Crawled caption data

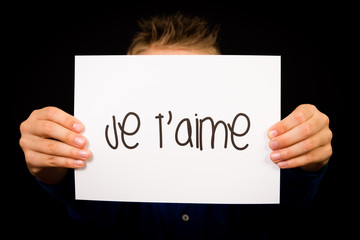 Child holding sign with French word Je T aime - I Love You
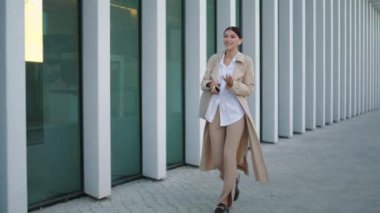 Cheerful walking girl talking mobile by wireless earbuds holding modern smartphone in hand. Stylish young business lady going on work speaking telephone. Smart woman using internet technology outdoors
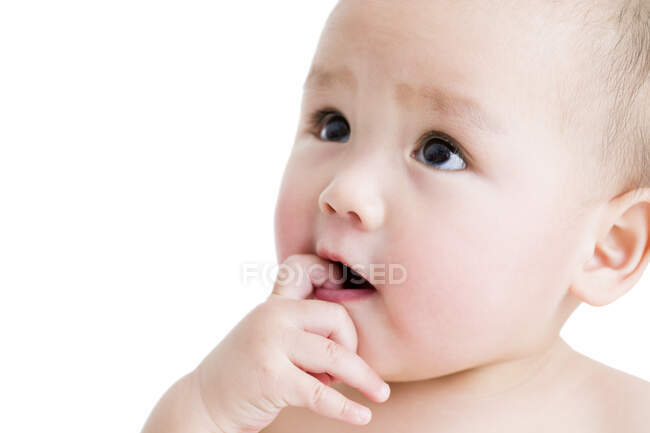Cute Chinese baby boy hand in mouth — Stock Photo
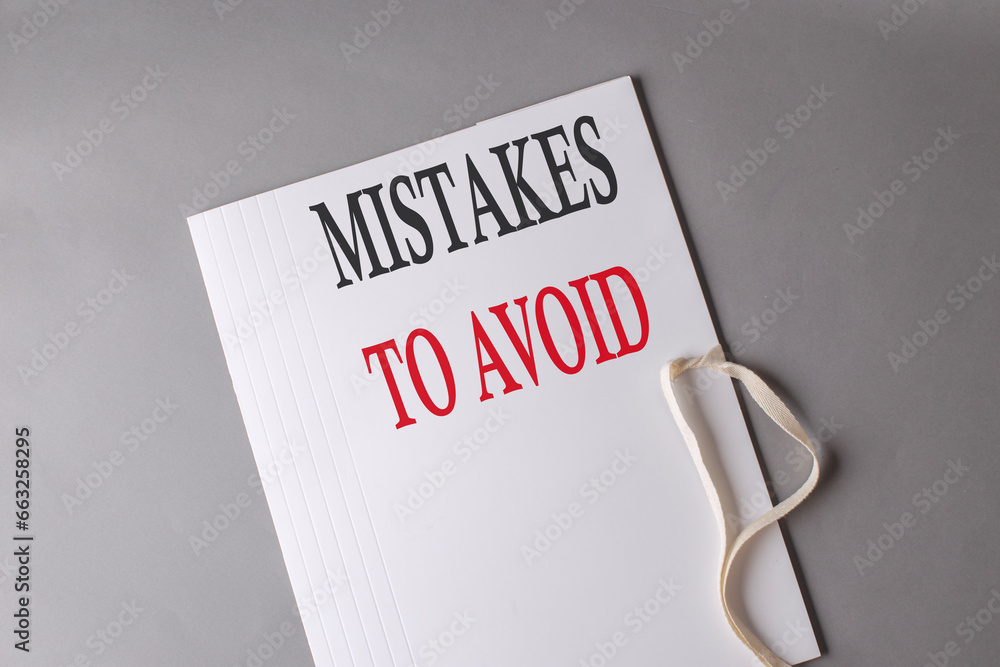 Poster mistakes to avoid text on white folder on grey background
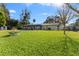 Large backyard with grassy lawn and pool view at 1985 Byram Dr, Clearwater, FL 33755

### Assignment:
Only text belongs in the copy: repeat each line of the data exactly and leave out the pictures.

### Reply:
 Child holding sign with French word Je T aime - I Love You
 Cheerful walking girl talking mobile by wireless earbuds holding modern smartphone in hand. Stylish young business lady going on work speaking telephone. Smart woman using internet technology outdoors
Cute Chinese baby boy hand in mouth — Stock Photo
 Poster mistakes to avoid text on white folder on grey background
 Large backyard with grassy lawn and pool view at 1985 Byram Dr, Clearwater, FL 33755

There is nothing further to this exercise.